魏冉擦了眼泪,一副准备收拾东西走人的样子。
许久没说话的王凌帆淡淡的开了口,声音里面带着一股子凉意。
“冉姨,赵局长让我帮忙问问您,他升迁的事儿,您跟我爸提了没。”
我明显看到魏冉的背影一僵。
这个赵局长,就是当初批了拘留证,将我扣押在警司里面一个礼拜的那个局长,我始终没见到真人,但是出来之后荣智良跟我提过。
“赵局长?”魏冉的声音有些颤抖,“你在胡说什么?什么赵局长?”
“当然是赵春晖赵局长,怎么,这才多久的事情,您就不记得了,要不是他给下面的人批了拘留证,就凭一个短信一个电话,谁能有这么大的胆子说证据确凿直接抓了魏家的千金大小姐啊?”

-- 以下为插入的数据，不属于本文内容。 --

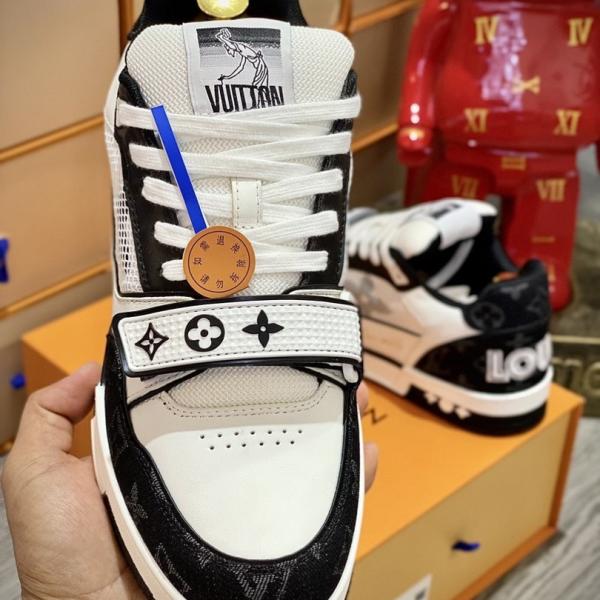 Giày Louis Vuitton Lv Trainer Monogram Black quai Velcro Best Quality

“赵局长,那可是红姐的表亲,你知道你自己在说什么么?”
“这就要问问您自己了,居然有本事能找到这条线上去,跟你比起来,红姨还真是没脑子。”
“诬陷,”冉姐呵斥了一声,打断了王凌帆的话,她脸上的神色难看得很,脚步虚浮,几乎要站不住,我看到她扶着沙发的那只手上青筋暴起,仿佛是用尽了全身的力气一样。